George Howe was born in Frankton in the Waikato and attended schools from Whangarei to Te Teko. Howe was the first professional genealogist in New Zealand and his biographies have been widely acknowledged in The Dictionary of New Zealand Biography. Howe also co-ran the Genealogy Department of the Latter Day Saints of New Zealand (based in Auckland) for a few years up until his early death. Nikki Walker writes that during Howe’s life time "he compiled the records of thousands of his ancestors including many Māori." Howe was proud of his British, Scottish and Māori ancestry. "There are only three copies of his work on Māori biographies. One was placed by his family with the supervisors of the Polynesian department, Genealogical Society Salt Lake City, Utah for safekeeping. He spent more than 5 years researching and typing Māori achievers in all spheres of life. The work covers some 200 years of Māori history. It has sections on all Māori members of the House of representatives, Royal Honours, Government service, Māori Kings and Queens, Leaders of the Past, Women of note, 28th Māori Battalion, Māori Airmen, the Professionals, Scholars, Religion. [it is a] 200 page booklet." Howe’s son Daniel Howe states that a lot of his unfinished writing became source material for other historians including Michael King. He also had a lengthy manuscript on the Tainui people which is stored at the Auckland Museum. This is based on the period of his English ancestors’ arrival in Kawhia in the 1820s through to the Waikato wars and beyond.
Biographical sources
- Email correspondence from Daniel Howe 8 and 9 July 1998.

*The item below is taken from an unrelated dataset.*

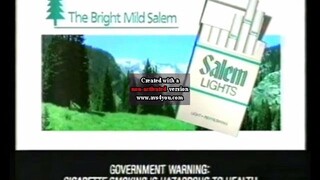 Salem Lights TVC 1990 Revised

- Te Iwi o Aotearoa 27 (1989): 20.
Biography
- Walker, Nikki. "Māori Biographies Compiled by George F Kiwi Howe 1960." Te Iwi o Aotearoa 22 (1989): 12.
- Walker provides background information to George Kiwi Howe’s extensive collection of biographies of key Māori identities. She reproduces his texts on Titokowaru and Whetu Marama Tirikatene.
- Walker, Nikki. "Māori Biographies Compiled by George F Kiwi Howe 1960." Te Iwi o Aotearoa 24 (1989): 17.
- Walker produces the text of Howe’s biography of Sir Apirana Ngata.
- Walker, Nikki. "Māori Biographies: Compiled by George F Kiwi Howe 1960." Te Iwi o Aotearoa 25 (1989):7.
- In this article, Walker writes of Te Iwi o Aotearoa’s project to publish the work of genealogist George Kiwi Howe (1917-1962). She calls for other contributions from ‘150 years of achievers under British rule’. Walker also provides an edited version of Howe’s biography of Sir Maui Pomare.
- Walker, Nikki. "Māori Biographies Compiled by George F Kiwi Howe 1960." Te Iwi o Aotearoa 26 (1989): 22.
- Walker includes an edited version of Howe’s biographical notes of Te Puea Herangi.
- Walker, Nikki. "Māori Biographies Compiled by George F Kiwi Howe 1960." Te Iwi o Aotearoa 27 (1989): 20.
- Walker writes of the proposed publication of George Howe’s Māori Biographies and of Te Iwi o Aotearoa’s plan to supplement Howe’s work with biographies of other Māori achievers up to the year 1990. Walker includes two of Howe’s biographies in this article: that of musician and composer Walter Smith and that of famous rugby player George Nepia.
Non-fiction
- Trace Your Own Ancestry. Utah: Desert, 1963.
- From Kent to Kawhia. Auckland, N.Z.: G. P. Howe, 1983.
- Compiled by Gwen P. Howe and the late George Howe.
Other
- "Richard Gavin McIntyre (Tiki Paaka)." Te Ao Hou 36 (1961): 4.
- Howe writes a biography of Te Arawa ‘Dick’ Park who studied at Te Aute College with Sir Apirana Ngata and Sir Peter Buck and who completed further studies at Victoria University. Park worked in the Land Court and travelled extensively with Elsdon Best and acted as a Māori Interpreter for the Commission that examined the land titles of 600,000 acres of Urewera land.